Penggunaan istilah negara hukum di negara kita, tidak mungkin dilepaskan dari diskursus bagaimana asal dan dioperasionalkan konsep oleh negara yang bersangkutan maupun negara-negara yang menerima pengaruhnya. Istilah negara hukum dalam catatan Daniel S. Lev, sering dipertukarkan. Ada tiga istilah yang harusnya memiliki makna yang berbeda, justru digunakan secara bertukar-tukar oleh para ahli hukum, yakni rechtsstaats, rule of law, dan negara hukum.
Dengan menggambarkan latar historis bagaimana pengaruh nilai-nilai hukum-Liberal di Eropa dan Amerika Utara tidak bisa disebutkan sebagai suatu kondisi yang tetap. Pemgaruh ini juga berubah-ubah sesuai dengan pola yang ada. Kondisi ini antara lain dapat diverifikasi ketika kita membedakan rechtsstaat Jerman dan rule of law Inggris, atau membedakan variasi-variasi rule of law Inggris dan Amerika Utara. Sementara negara-negara Asia campuran vector-vektor primordial dan legal secara diferensial condong ke patrimonialisme, tetapi kecenderungan legal muncul bersama dengan hal-hal yang tampak sebagai dukungan politik dan sosial yang ada (Lev, 2013).
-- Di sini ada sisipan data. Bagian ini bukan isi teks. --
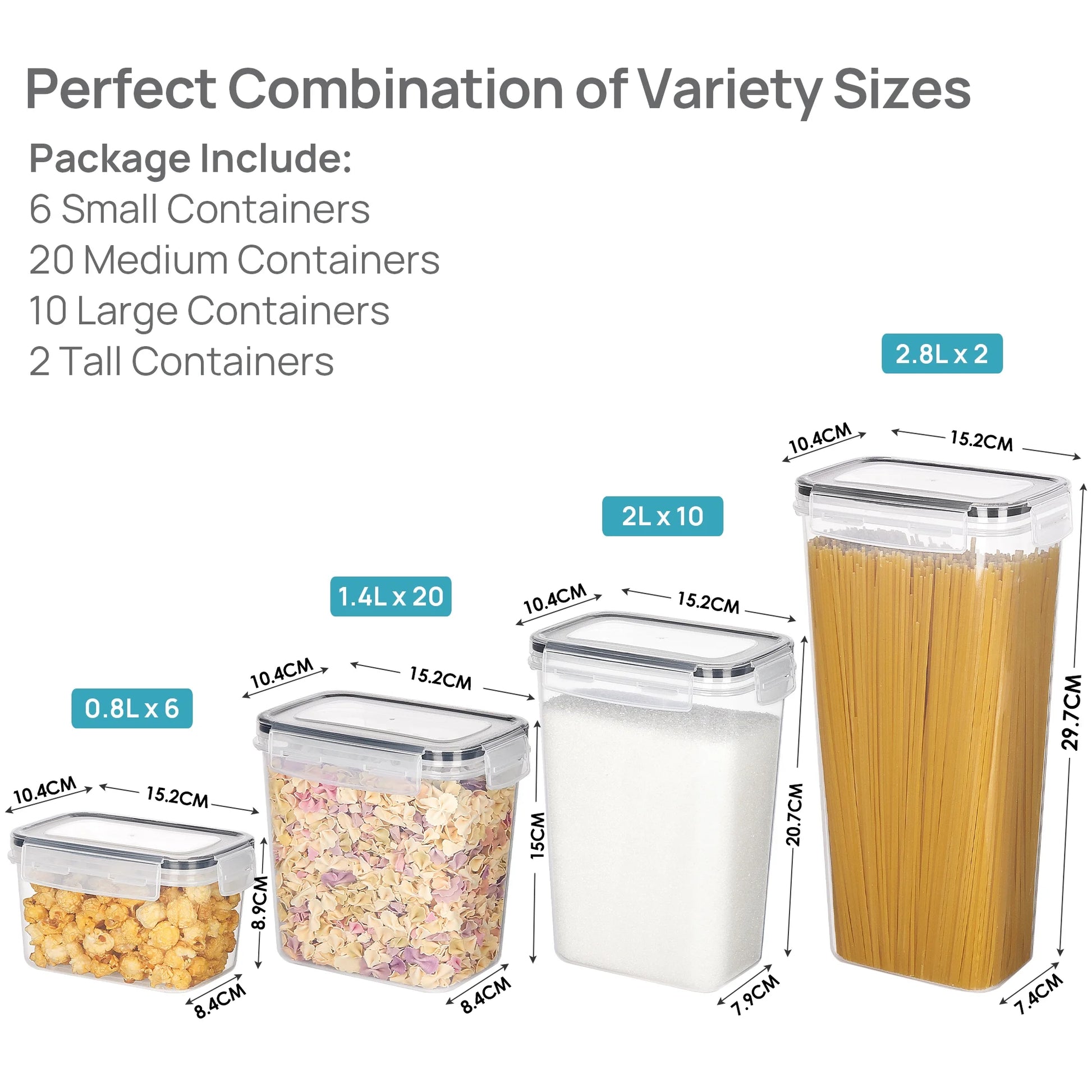 Airtight Food Storage Containers Set, 38Pcs Plastic Kitchen and Pantry Organization Canisters, Black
Diyakini yang terjadi sebenarnya terkait dengan dukungan tersebut adalah bukan pada hukum, melainkan interaksi kewajiban sosial, hak dan kewajiban, serta kebajikan moral. Ketepakan pemaknaan dan pemahaman sangat dipengaruhi oleh bagaimana perubahan elite dan moralnya yang harus menyingkir karena tekanan, lalu mekarnya lapisan baru yang belum sempurna, menyebabkan dasar pikiran baru yang lahir juga terganggu. Memahami proses penggunaan istilah, merupakan jalan penting yang harus dilalui. Istilah rechtsstaat dan rule of law sendiri berada dalam pengonsepsian istilah dari konsep “hukum Barat” yang kabur. Daniel S. Lev menyebut ideologi saat menguraikan rule of law, yang secara historis terbentuk di Inggris dari golongan kelas menengah yang menguasai parlemen dan birokrasi kerjaan yang relatif lemah. Sementara rechtsstaat Eropa Daratan tumbuh di wilayah kekuasaan birokrasi sentral yang kuat yang tidak dapat didobrak oleh kaum berjuasi, tetapi dapat diimbau agar memberi konsesi. Kondisi inilah yang menyebabkan kecenderungan procedural common law adalah menguntungkan swasta dan civil law cenderung menguntungkan negara (Lev, 2013; Marryman, 1969).
Sepertinya proses pemaknaan yang seperti di atas tidak begitu mendapat perhatian utuh di kalangan hukum teoritis dan praktis, sehingga posisi antara rechtsstaat, rule of law, dan negara berdasarkan hukum, kerap dipertukar-gunakan. Hal tersebut pun kemudian dianggap bukan sesuatu yang berlebihan.
Ada satu kondisi yang dituliskan Daniel S. Lev, dengan membandingkan tiga kurun waktu dalam memosisikan negara hukum. Pertama, selama kurun waktu perlementer (1950-1957) negara hukum menjadi ideologi pengabsah republik konstitusional, tetapi banyak simbol-simbolnya secara konservatif dikaitkan dengan lembaga, prosedur, dan berbagai kitab undang-undang Belanda yang dilestarikan sampai masa kemerdekaan. Kedua, pada masa Demokrasi Terpimpin (1958-1965) negara hukum tenggelam di bawah tekanan patrimonialisme rezim dan ideologinya yang radikal-populis, yang mengutakaman keadilan substantif dari keadilan prosedural. Ketiga, dengan lahirnya Orde Baru sesudah kudeta tahun 1965 yang gagal, perbincangan mengenai negara hukum bangkit kembali dengan cepat, sebagian sebagai reaksi terhadap Demokrasi Terpimpin, namun lebih jelas dan mendalam daripada yang sudah-sudah. Selama awal kurun Orde Baru, sampai kira-kira tahun 1971, para pendukung negara hukum boleh dikata optimistis. Keempat, justru optimistis ini berubah menjadi pesimistis saat Undang-Undang Nomor 14 Tahun 1970 tentang Kekuasaan Kehakiman diundangkan, walau disebut gagasan ini tetap kuat dan merupakan fokus simbolis bagi kritik-kritik terhadap pemerintah (Lev, 2013).
Dengan membandingkannya dari ketiga kurun waktu-rezim di atas, pemaknaan negara hukum yang juga berubah, juga bukan sesuatu yang berlebihan. Apalagi kemudian, jika dibandingkan dalam kurun yang lebih makro, yakni masa sebelum amademen konstitusi dengan era sesudahnya yang menempatkan dan menegaskan posisi negara hukum secara berbeda. UUD 1945 menempatkan “Indonesia adalah negara hukum (Rechtstaat), bukan negara kekuasaan (Machsstaat)” pada penjelasan. Berbeda dengan UUD 1945 setelah amademen, yang menyebut dengan tegas dalam Pasal 1 ayat (3) bahwa Indonesia adalah negara hukum.